One unique goal of this proposal was to examine the impact of differential insulin receptor signaling in the neonatal window. Prior studies had demonstrated sex reversal when insulin signaling is lost in embryonic Sertoli cells, but that did not provide insights into the role of granulosa-specific actions of insulin receptors in germ cell nest formation and breakdown because the hormonal axes that controlled that aspect of development would have been normal in female mice [12]. We observed no abnormal male development in DKO mice following ablation with Esr2-Cre, and female differentiation of the ovary appeared normal. While it is possible that germ cell selection may be altered in ovaries of DKO mice at birth, the establishment of the primordial and primary follicle pools was normal.

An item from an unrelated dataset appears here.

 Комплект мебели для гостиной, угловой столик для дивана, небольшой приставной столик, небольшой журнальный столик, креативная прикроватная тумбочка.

However, by PND4 the defect in follicle growth is evident in DKO mice with significantly fewer secondary follicles being observed and by PND8, the follicle distributions observed at puberty are established.

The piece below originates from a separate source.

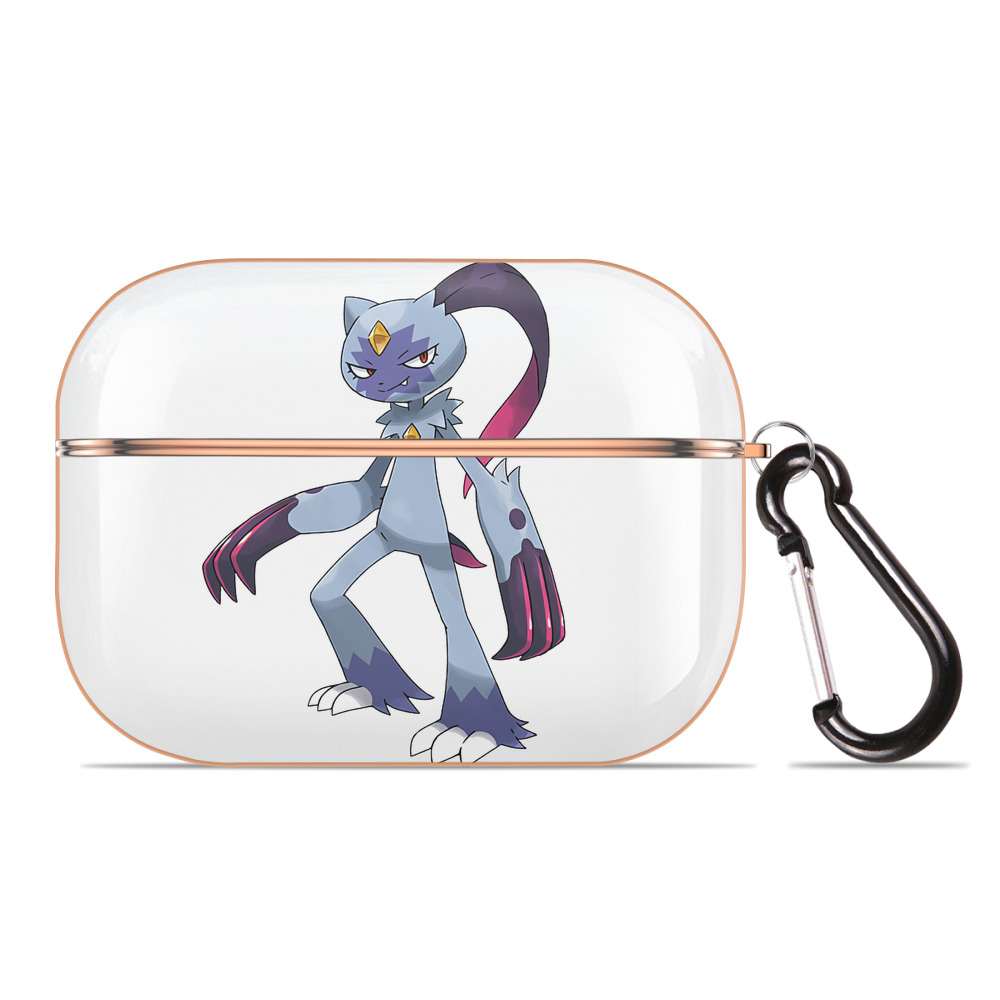 （画像用） ポケットモンスター Pokémon 【AirPods Pro用】ハードシェル保護ケース｜耐衝撃・防指紋・カラビナ付き商品仕様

Starting from the transition from primordial follicles to preantral follicles, the main driver of proliferation and development of granulosa cells is FOXL2 [28, 46]. Interestingly, we saw static levels of Insr during the PND1–8 window, but a gradual increase in insulin ligands and Igf1r expression which correlated with the induction of Foxl2 in WT animals. At PND8, Foxl2 mRNA levels were reduced in all three knockout models with Insr deletion being more mild than loss of Igf1r or both receptors. This could explain why there is a similarity in ovarian morphology between Foxl2 mutant mice [28, 46] and our current model. In Foxl2^−/− mice, ovarian follicles are arrested at the primordial/primary stages, and their granulosa cells do not proliferate. The loss of Foxl2 results in primary premature ovarian failure (POF) by the age of 15 weeks [28, 46]. Our DKO model exhibit a similar ovarian defect with large, activated oocytes and no subsequent proliferation of granulosa cells. The majority of other models exhibiting similar defects stem from the loss of oocyte-specific gene expression. Thus, taken together, this suggests that INSR and IGF1R potentially act upstream of Foxl2 and regulate its expression, at least during early follicular development.

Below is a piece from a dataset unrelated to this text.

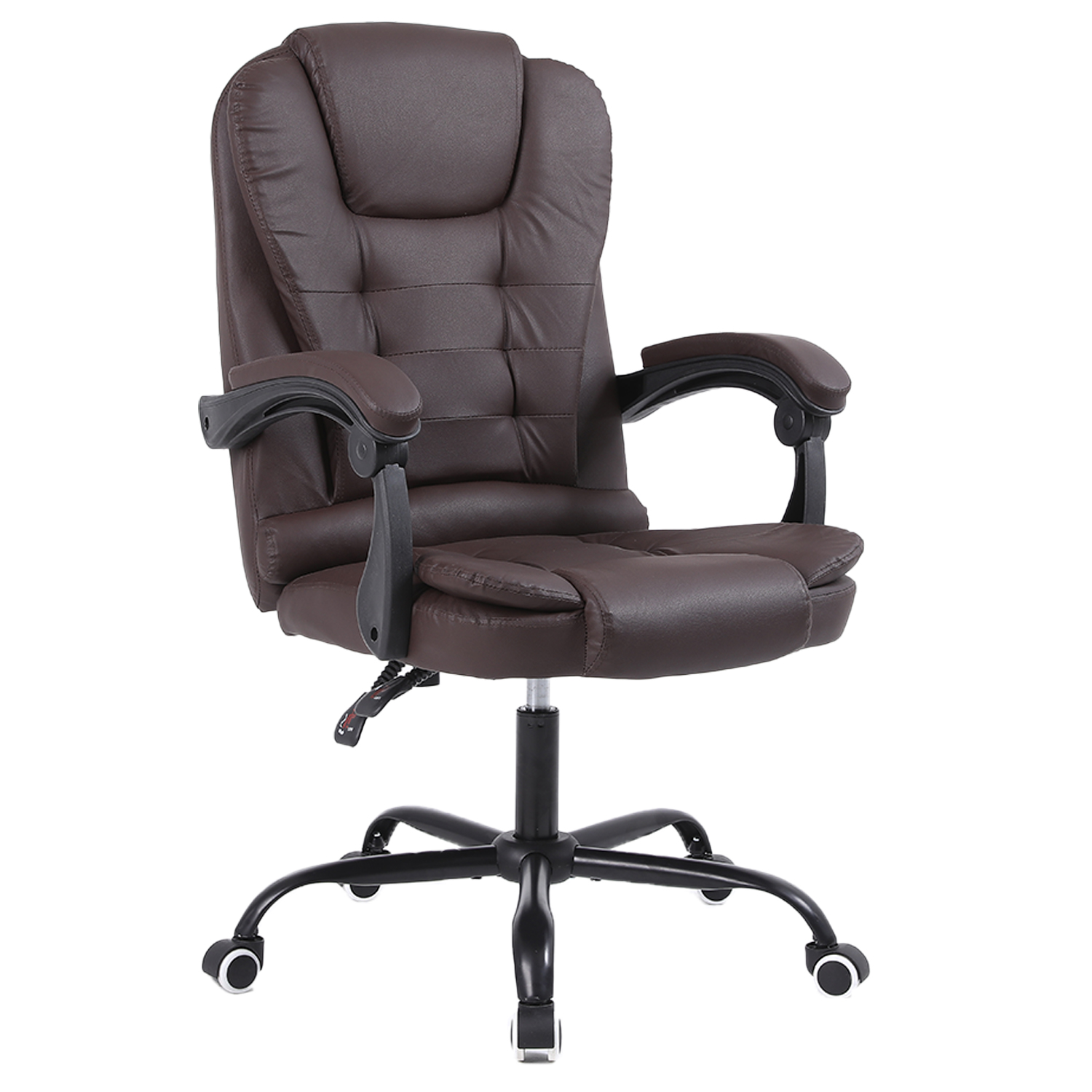 Ergonomic Executive Office Chair,Faux Leather,Adjustable Height 45-55cm — image 5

In addition to expression, another way insulin signaling could regulate FOXL2 is by phosphorylating residues S33, a principal phosphorylation site, as well as S211, Y186, Y215, S238, S263, S323 and/or S326 [47–49]. All residues have a similar PxSP sequence – a target of MAPK and related kinases [47, 50], one of the two canonical insulin signaling pathways. Of these, pS33 and pY186 seem to be positively correlated with granulosa cell proliferation, especially in granulosa cell tumors (GCTs) [48, 49]; ~60% of cells in GCTs were positive for pS33, compared to less than 20% in other tumors. FOXL2 is also involved in sex determination, unfortunately in our model, the knockout of Insr and Igf1r occurs in neonates [18], thus a different Cre would be necessary to unravel their potential role in female sex development.

One of the main regulators of the primordial pool is AMH. AMH suppresses the activation of primordial follicles, its marked reduction in mRNA expression in all knockout models supports the hypothesis that there is an enhanced activation of oocytes prematurely. Thus, its loss when insulin receptors are ablated may relieve the repression signal allowing the activation of primary follicles before the desired hormonal conditions for successful ovulation are met. In support of this, multiple large abnormal oocytes with few granulosa cells are observed in ovarian sections of DKO animals at puberty. Whether these follicles could recover if subsequent granulosa proliferation was restored is unknown. Unfortunately, we only examined AMH expression in younger adult dams included herein. Thus, we do not know if older adult DKO mice would exhibit POF due to accelerated unregulated activation of their normal follicle reserves as we did not quantify this since the mice were completely infertile by 2 months of age. However, perturbation of insulin signaling could potentially be employed to generate novel mouse models of estropause and ovarian aging, which we plan to pursue in future studies.

In summary, employing an Esr2-Cre conditional knockout model, we successfully ablated ovary-specific insulin signaling beginning in the neonatal window. We hoped to find significant alteration in the establishment of the ovarian reserve. However, if insulin signaling is critical during this process, the activity of Esr2-Cre was insufficient to significantly alter the expected developmental program. We demonstrated that insulin actions are necessary for successful the differentiation of ovulation competent oocytes, granulosa cell support of ovulation, and ultimately fertility. Our findings, in agreement with prior studies from our lab and others, indicate that IGF1R plays a more prominent role in governing overall female fertility than INSR. However, as the DKO has a unique phenotype from that resulting from single ablation of either receptor in granulosa cells, there must be novel co-regulated factors and pathways that have yet to be elucidated. Insulin receptor signaling is highly conserved in mammalian species, thus the elucidation of these pathways may ultimately provide insights into ovulatory dysfunction in women with metabolic syndromes where insulin receptor action is impaired.

Supplementary Material

Supp. Table 1

NIHMS2141651-supplement-Supp__Table_1.docx^{(15.4KB, docx)}

Supp. Table 2

NIHMS2141651-supplement-Supp__Table_2.docx^{(15.1KB, docx)}

Supplementary material

Supplementary data are available at BIOLRE online.

Grant Support:

This work was supported by an award from the HHS | NIH | Eunice Kennedy Shriver National Institute of Child Health and Human Development (NICHD), Grant/Award Number: HD093802; Southern Illinois University School of Medicine, Grant/Award Number: FY18.

Footnotes

Conflict of interest: The authors declare no competing financial interest.

Data availability

The data underlying this article are available and will be shared on reasonable request to the corresponding author.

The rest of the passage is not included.